As illustrated in the following image, all Storage Spaces Direct volumes are accessible by all servers in the cluster at the same time. They’re created in the C:\ClusterStorage folder on all servers.

Diagram that shows volumes constituting a layer of abstraction on top of a storage pool accessible via Cluster Shared Volumes (C S V s).

When planning for Storage Spaces Direct volumes, you should consider:

  • Number of volumes per cluster

  • Volume size

  • Resiliency type

  • Partitioning type

  • File system

Note

The resiliency type heavily influences performance and capacity characteristics and is closely correlated with the first two considerations.

Choose the number of volumes

To optimize storage performance, the number of volumes per server should be a multiple of the number of servers per cluster. For example, if you have four servers, you will experience more consistent performance with four or eight volumes per server. Configured this way, the cluster can evenly distribute the volume ownership across all cluster nodes.

Note

The total number of volumes per an Azure Stack HCI cluster shouldn't exceed 64.

Choose the size of volumes

The size of a volume refers to its usable capacity, which is the amount of data it can store. Size is different than a volume's footprint, which is the total physical storage capacity it occupies in the storage pool. The footprint depends on the volume resiliency type. The combined footprints of all cluster volumes need to fit in the storage pool.

Note

The size of a volume on an Azure Stack HCI cluster shouldn't exceed 64 terabytes (TB).

Choose the resiliency type

Volume resiliency is the primary mechanism that helps protect data residing in the storage pool against hardware issues such as drive or server failures. It also enables continuous availability during server maintenance events such as software updates that require node reboots. The choice of the resiliency type is related to the number of cluster nodes.

Resiliency with two-node clusters

With two nodes in a cluster, you can use either two-way mirroring or nested resiliency. Two-way mirroring is supported on clusters with any number of nodes. Nested resiliency is available exclusively on two-node clusters.

Note

Nested resiliency can withstand two simultaneous hardware failures, including either two drives or a server and a drive on the remaining server. You should consider using it when running production workloads on two-node clusters.

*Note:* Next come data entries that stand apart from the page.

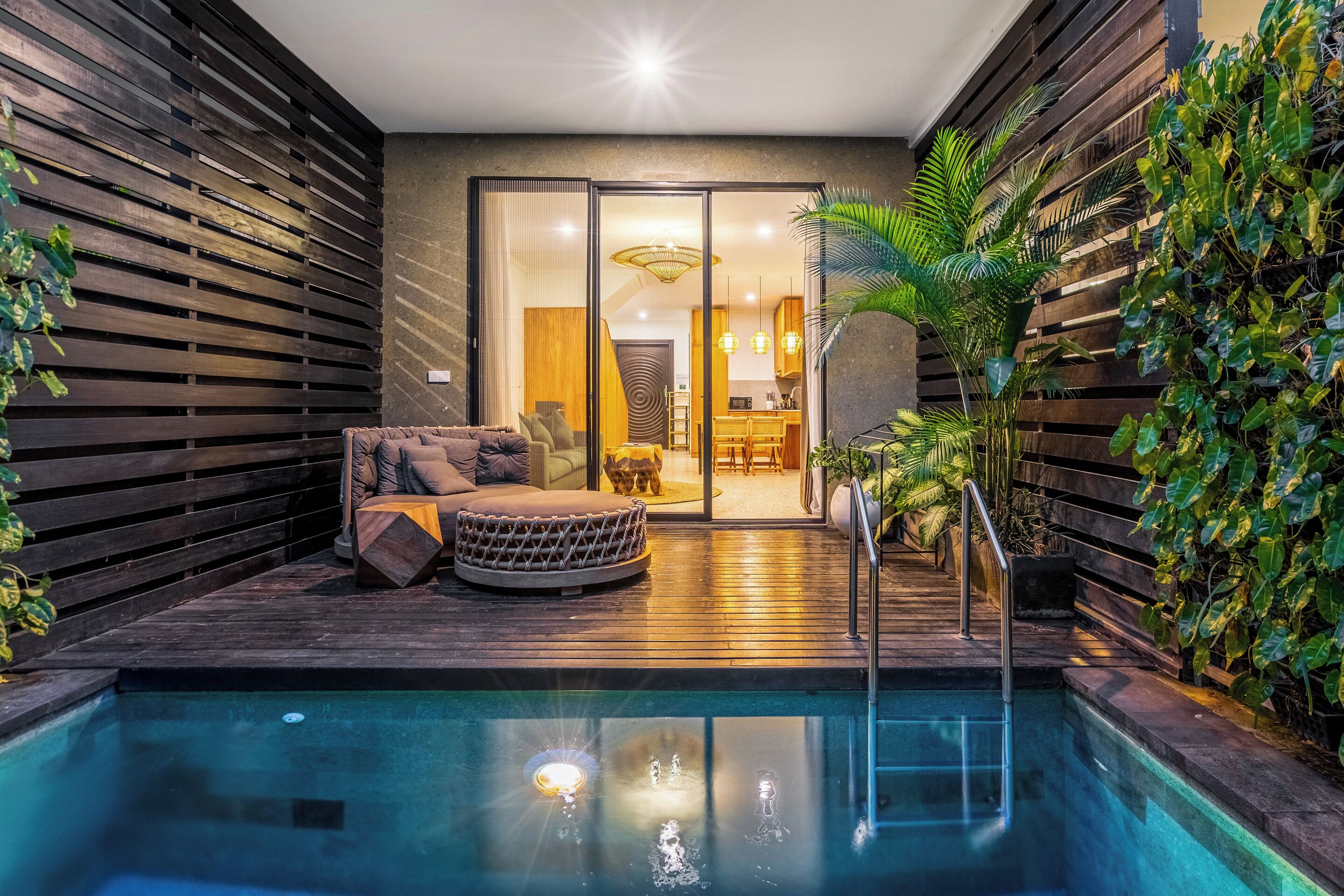 Fachada de la propiedad por la tarde o noche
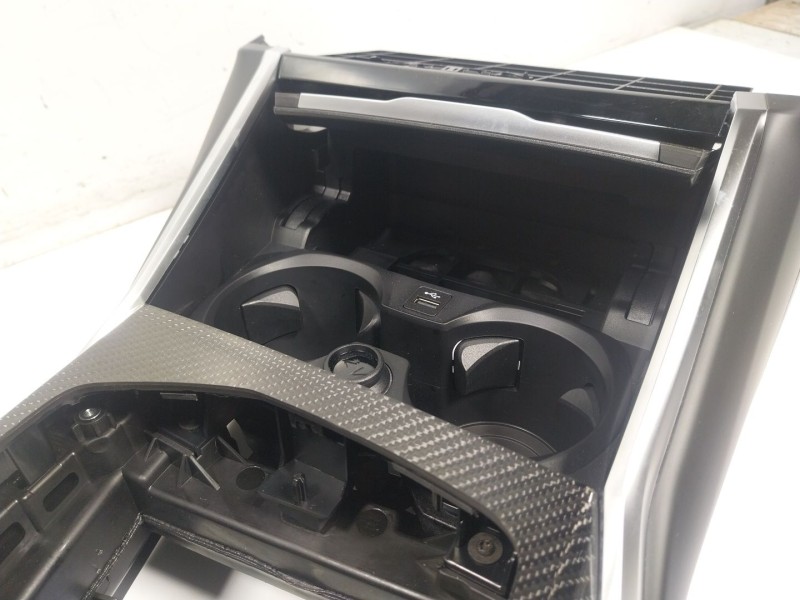 Recambio de apoyabrazos central para bmw 3 (g20, g80, g28) 330 d xdrive referencia OEM IAM  511658450713 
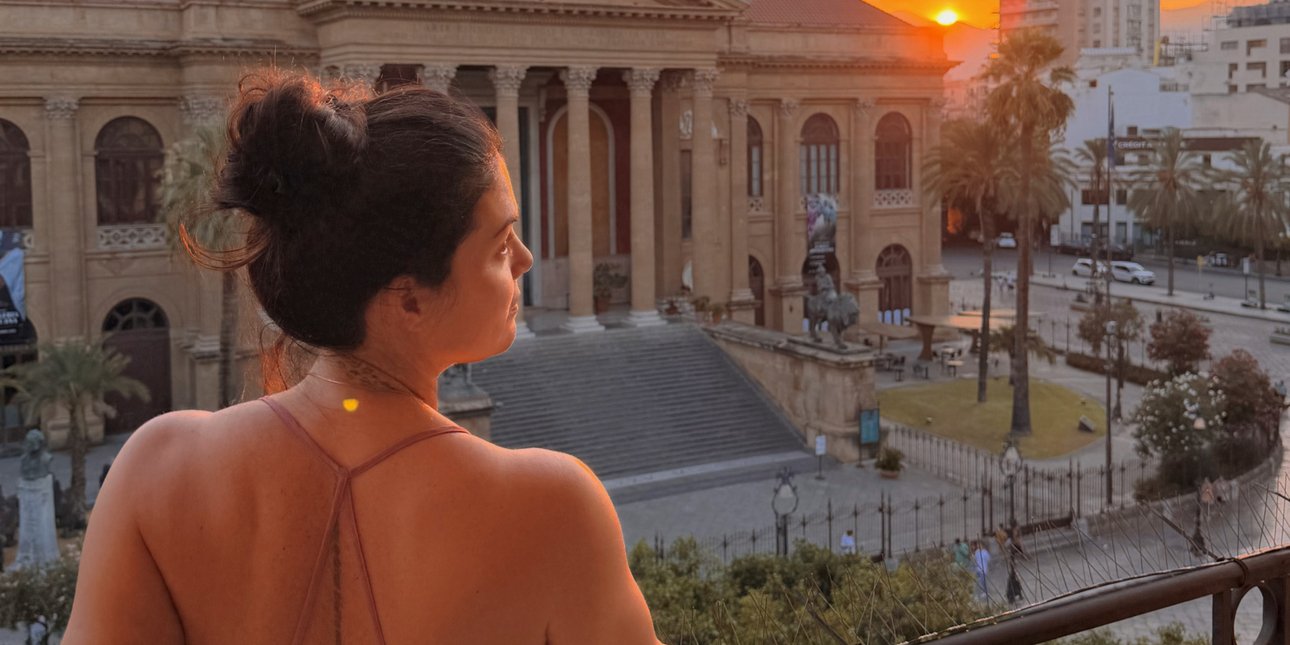 Ερωτευμένη στο Παλέρμο η Μαρία Κορινθίου -Το άλμπουμ από τις διακοπές με τον σύντροφό της [εικόνες]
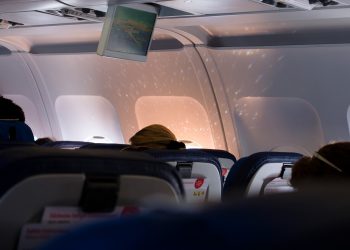 Avião dentro do voo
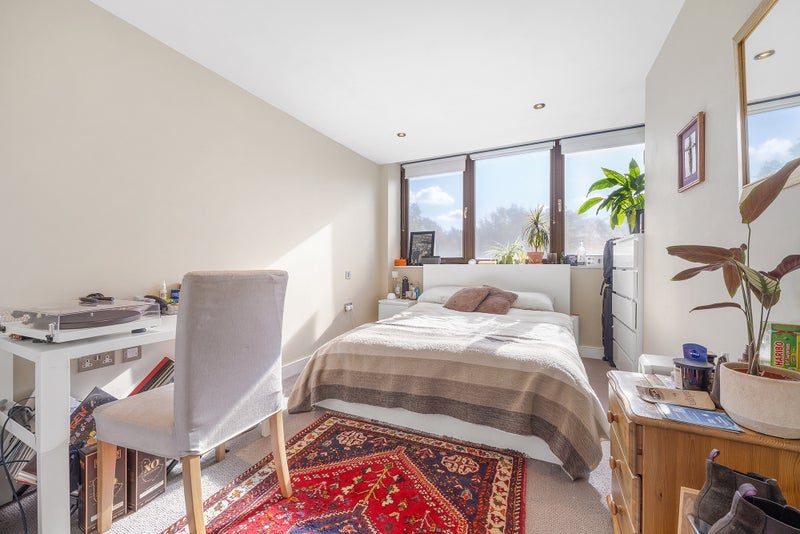 Flat Brixton Hill in Greater London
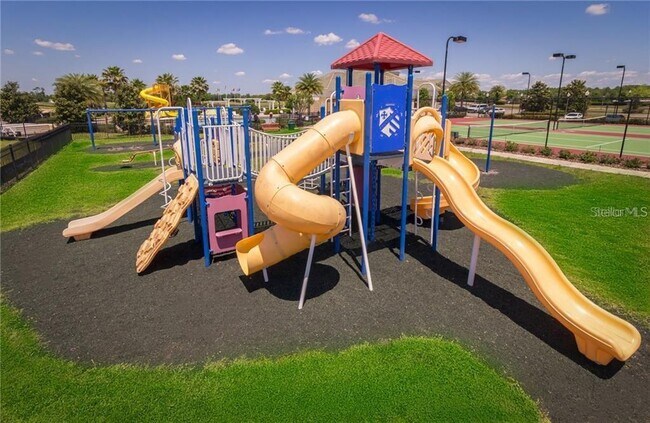 Building Photo - 1927 Greenbriar Ter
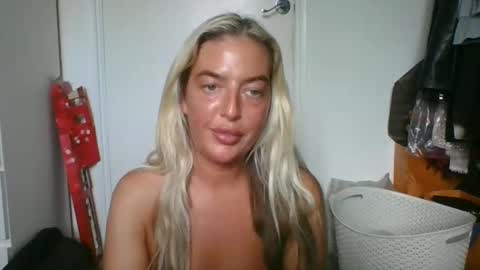 Snapshot of rubyredxxxoxxx chatting on December 22, 12:27 pm rubyredxxxoxxx online show from December 22, 12:27 pm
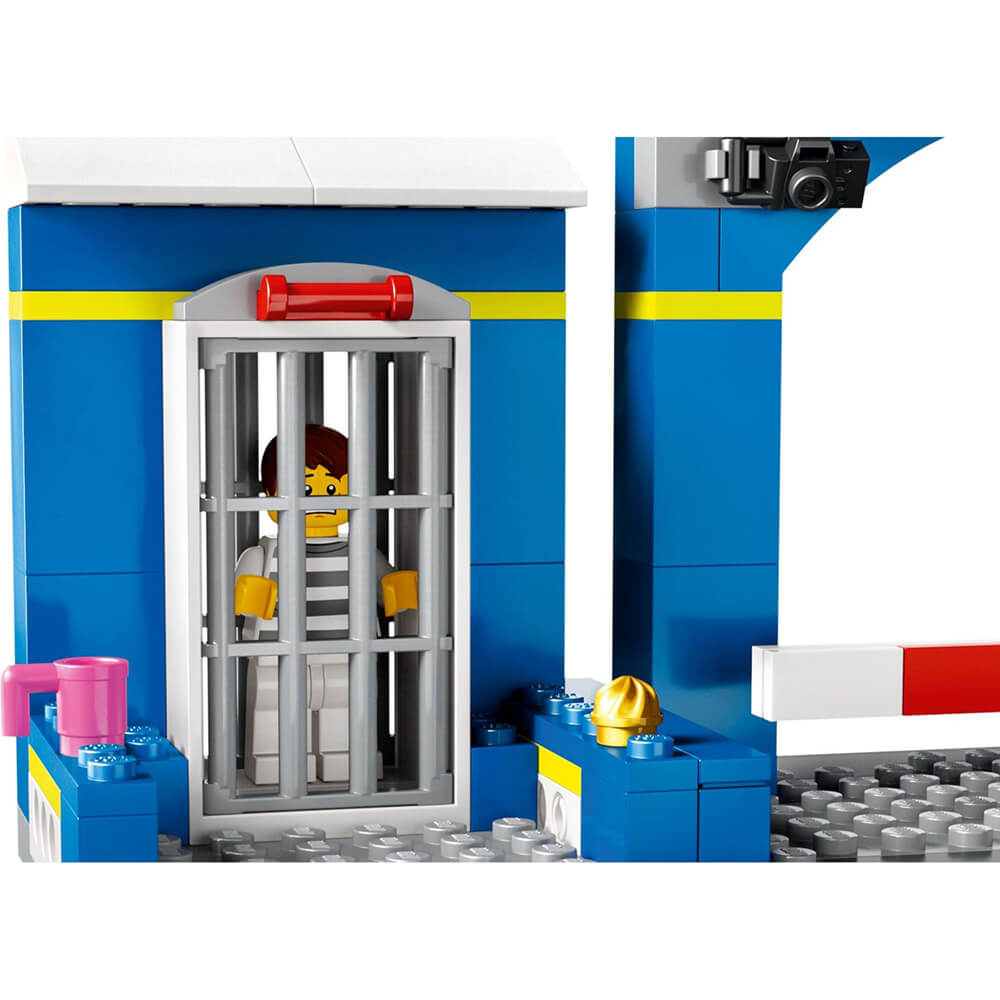 LEGO® City Police Station Chase 172 Piece Building Kit (60370)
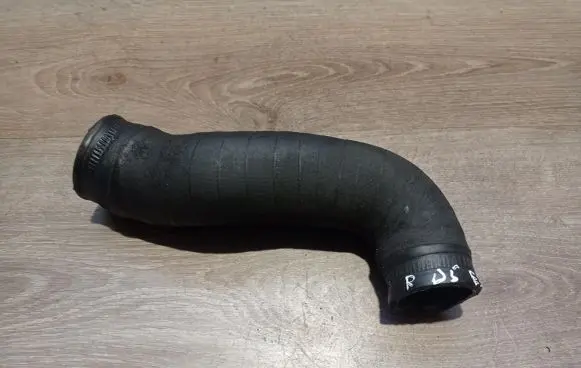 Volvo V70 Intercooler hose/pipe 30636850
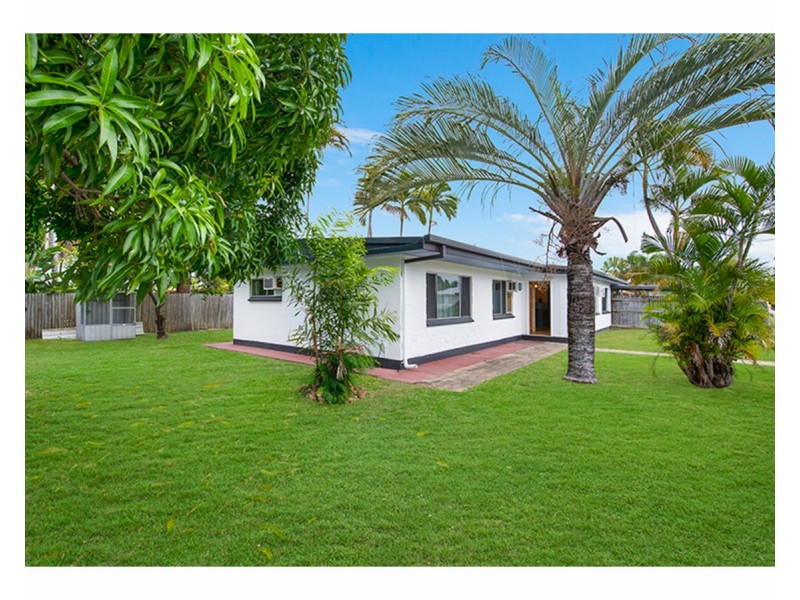 15 Banksia Street, Kirwan QLD 4817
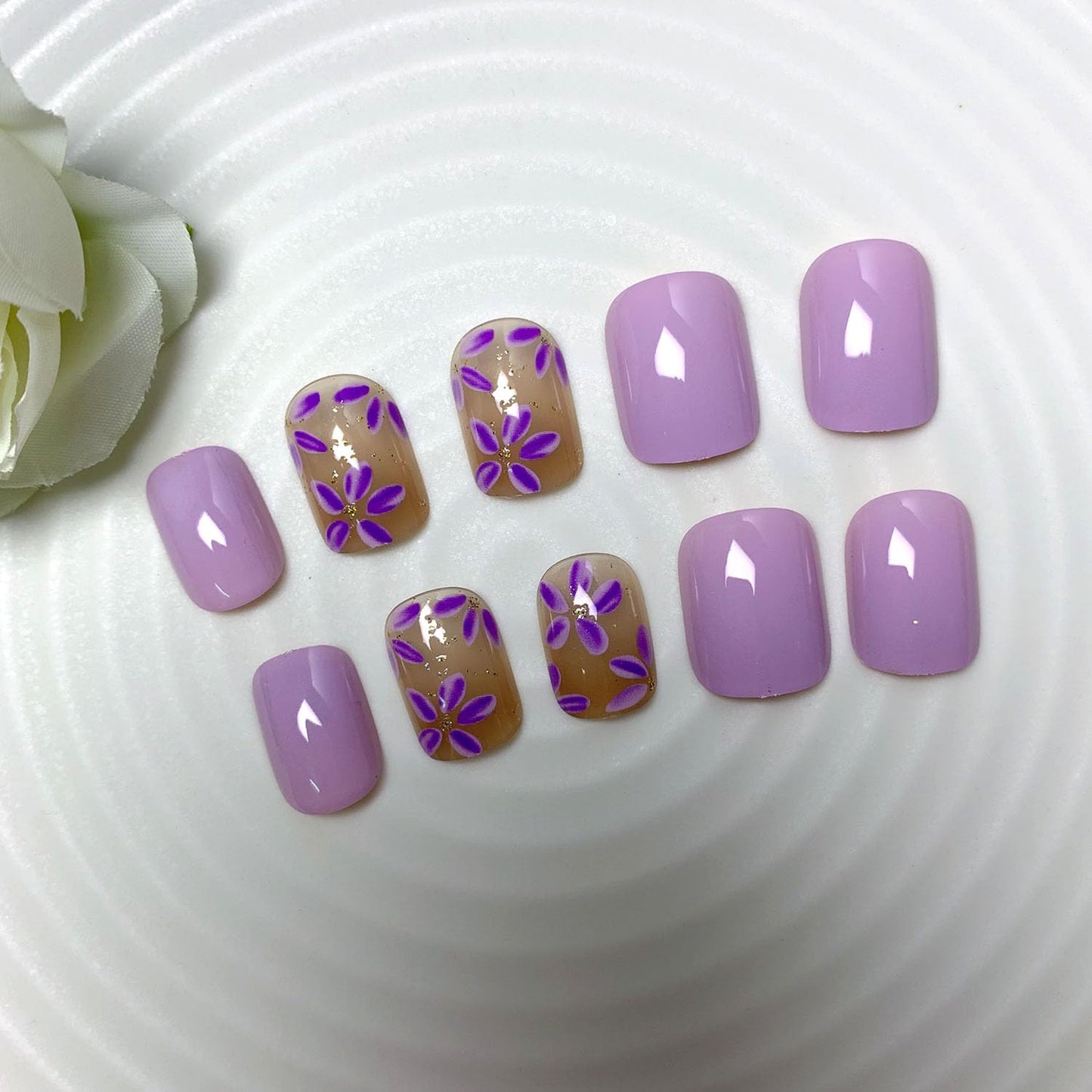 Light Purple Press on Nails Short Fake Nails with Flowers Designs Square Acrylic Nails Cute Full Cover Nails Press ons Gold Glitter & Reusable Stick on Nails for Women 24 Pcs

Resiliency with three-node clusters

With three nodes in a cluster, you should use three-way mirroring if you want to maximize fault tolerance and performance. Volumes with three-way mirroring can withstand two (or potentially more) simultaneous hardware failures involving one node and a drive, or multiple drives on one of the remaining nodes. Similarly, such volumes can withstand multiple drive failures provided they don't include any of the drives on one of three cluster nodes.

Note

If two nodes fail at the same time, the storage pool loses its quorum and the volumes become inaccessible.

Resiliency with four or more cluster nodes

With four or more servers, you additionally have the option to implement volumes with dual parity or mirror-accelerated parity. Dual parity provides the same fault tolerance as three-way mirroring, but with better storage efficiency. The tradeoff is performance, because parity encoding is more compute-intensive, resulting in increased latency and CPU utilization.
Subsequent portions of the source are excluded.